Where in each round,

  • Every process sends one message to every other process

  • Every process receives one message from every other process

  • Every process does some local computation

Dummy messages can be used.

Messages sent during a round is received during that round

Accurate failure detection

via Clocks with Bounded Error
  • Each process first performs a send (taking time no more that $t_1$).
  • Message propagation and receiving the message no more than $t_2$.
  • Local processing no more than $t_3$.

Bounded error: Consider an example where the clock on a certain process is twice as fast as an accurate clock.

To compensate

Everyone sets the timer duration to be $2(t_1+t_2+t_3)$

To start the next round at the same time
  • If a process receives a round 2 message while in round 1, it immediately start round 2

  • Everyone sets the timer duration to be $2((t_1+t_2+t_3) +t_1+t_2)$, since the round starting time at different processes may differ by $t_1+t_2$.

Protocol

image-20200425191717297

Need $f+1$ rounds to tolerate $f$ failures. $f$ needs to be input.

Proof

nonfaulty: A node is nonfaulty if it has not crashed by the end of round $r$

good: A round is good if there is no node failure during that round

With $f+1$ round and $f$ failures, there must be at least on good round.
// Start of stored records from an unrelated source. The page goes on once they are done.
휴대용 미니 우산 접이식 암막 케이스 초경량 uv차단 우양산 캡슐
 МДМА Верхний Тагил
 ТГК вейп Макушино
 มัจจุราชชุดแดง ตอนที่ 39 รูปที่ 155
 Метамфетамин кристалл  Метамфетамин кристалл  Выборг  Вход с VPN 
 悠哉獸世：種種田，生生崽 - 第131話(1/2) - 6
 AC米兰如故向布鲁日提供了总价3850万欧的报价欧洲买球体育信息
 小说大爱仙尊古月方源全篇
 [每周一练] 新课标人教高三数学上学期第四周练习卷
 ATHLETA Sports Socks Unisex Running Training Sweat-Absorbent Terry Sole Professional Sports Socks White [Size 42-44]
At the end of any good round $r$, all non-faulty nodes during round $r$ have the same $S$

Suppose $r$ is a good round, and consider any round $t$ after round $r$. During round $t$, the value of $S$ on any non-faulty nodes does not change.

All nonfaulty processes at round $f+1$ will have the same $S$

Failure model
  • Nodes do not fail
  • Communication channels may fail - may drop arbitrary (unbounded) number of messages
Timing model
  • Synchronous: Message delay has a known upper bound x, and node processing delay has a known upper bound y

It is impossible to reach the above goal using a deterministic algorithm, since the communication channel can drop all messages.

image-20200425193554451

Weakened Validity

Assuming input either 0 or 1,

  • If all nodes start with 0, decision should be 0

  • If all nodes start with 1 and no message is lost throughout the execution, decision should be 1

  • Otherwise nodes are allowed to decide on anything

It is still impossible to reach the above weakened goal using a deterministic algorithm

image-20200425195404295

Can remove the last message until all messages are dropped, while decision is still 1.

Allowing Limited Disagreement

Goal
  • Termination: All nodes eventually decide

  • Agreement: All nodes decide on the same value with probability of $(1 – error_prob)$

  • Validity:

    • If all nodes start with 0, decision should be 0
    • If all nodes start with 1 and no message is lost throughout the execution, decision should be 1

    • Otherwise nodes are allowed to decide on anything
A Randomized Algorithm
  • Algorithm has a predetermined number ($r$) of rounds

  • P1 picks a random integer $bar \in [1…r]$ at the beginning

  • The protocol allows P1 and P2 to each maintain a level variable (L1 and L2), such that
    • Level is influenced by the adversary
    • L1 and L2 can differ by at most 1
  • bar, input and current level attached on all messages

  • Upon P2 receiving a msg with L1 attached: L2 = L1 + 1, L1 maintained similarly

Lemma: L1 and L2 never decreases in any round, and at the end of any round, L1 and L2 differ by at most 1.

image-20200425200440430

Decision Rule
  • At the end of the r rounds, P1 decides on 1 iff

    • P1 knows that P1’s input and P2’s input are both 1, and
    • L1 ≥ bar

    i.e. P1 will decide on 0 if it does not see P2’s input

  • At the end of the r rounds, P2 decides on 1 iff

    • P2 knows that P1’s input and P2’s input are both 1, and
    • P2 knows bar, and
    • L2 ≥ bar

    i.e. P2 will decide on 0 if it does not see P1’s input OR it does not see bar

When does error occur?

Case 1: P1 see P2’s input, but P2 does not see P1’s input or bar.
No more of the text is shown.